## WORK TO BE COMPLETED
Your job is to print, exactly, the lines in the data below from the line with "ตัวคูณ dragon hatch2" through the line with "گیاهان دارویی توکل", both included, and to omit any picture.
┌─ MATERIALS PROVIDED
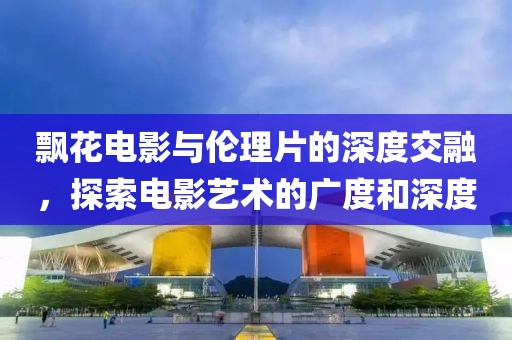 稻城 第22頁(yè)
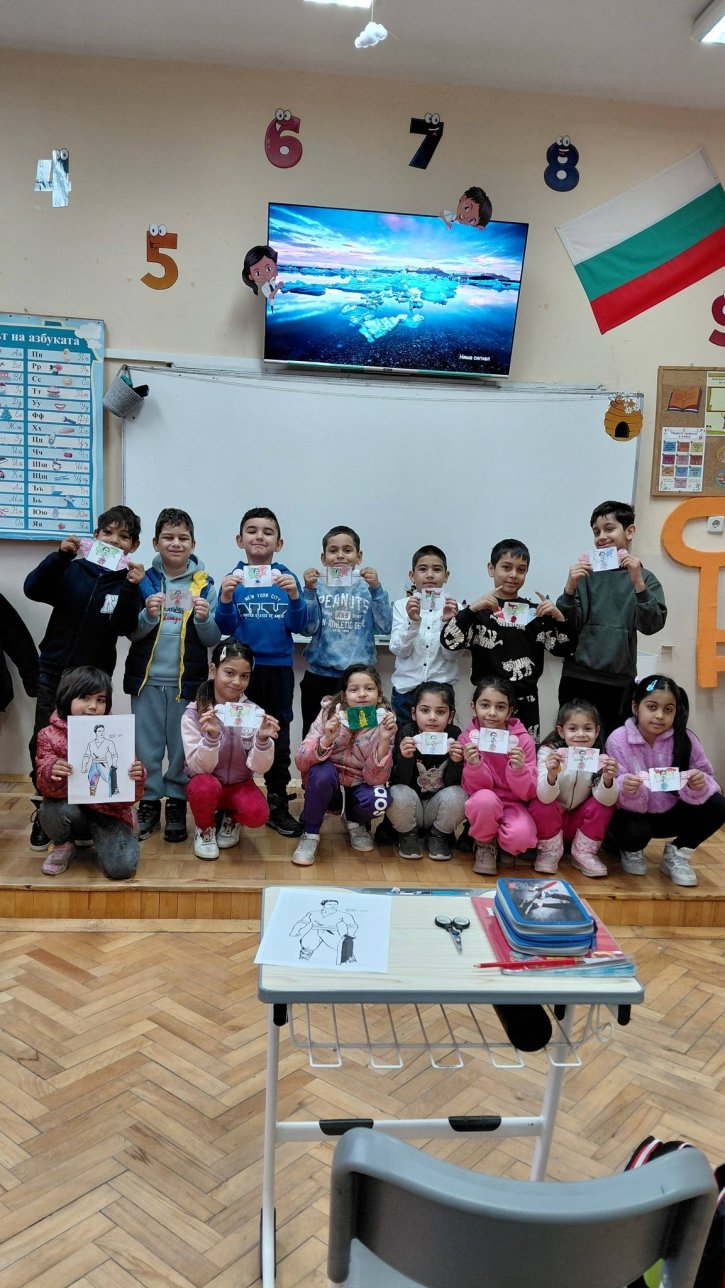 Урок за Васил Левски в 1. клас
└─
┌─ MATERIALS PROVIDED
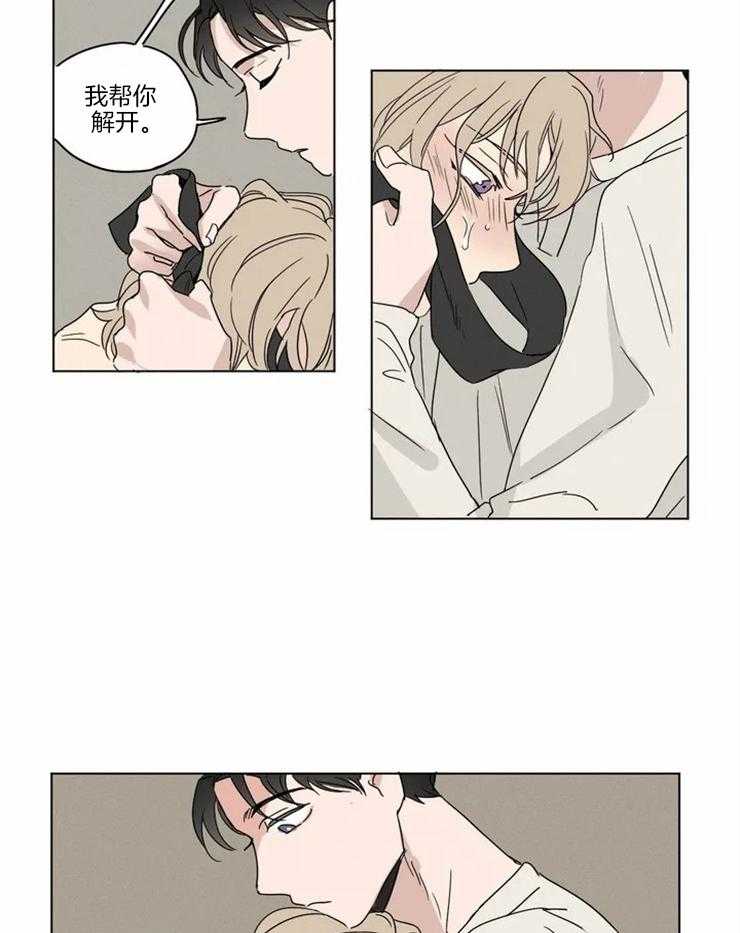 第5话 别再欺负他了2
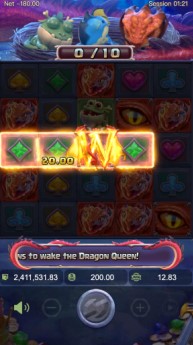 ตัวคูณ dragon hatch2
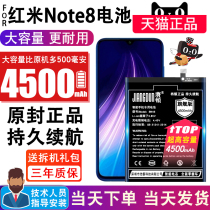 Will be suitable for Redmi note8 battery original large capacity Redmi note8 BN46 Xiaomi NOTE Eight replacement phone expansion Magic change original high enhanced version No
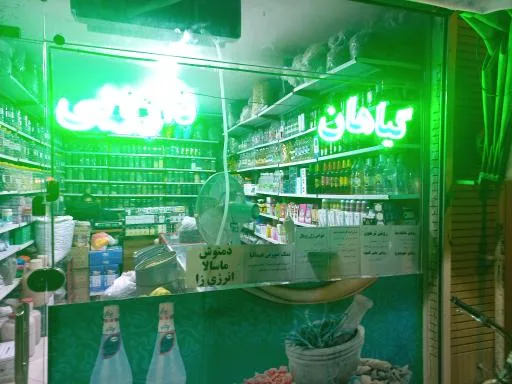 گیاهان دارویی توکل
└─
## ANSWER BELOW
 ตัวคูณ dragon hatch2
 Will be suitable for Redmi note8 battery original large capacity Redmi note8 BN46 Xiaomi NOTE Eight replacement phone expansion Magic change original high enhanced version No
 گیاهان دارویی توکل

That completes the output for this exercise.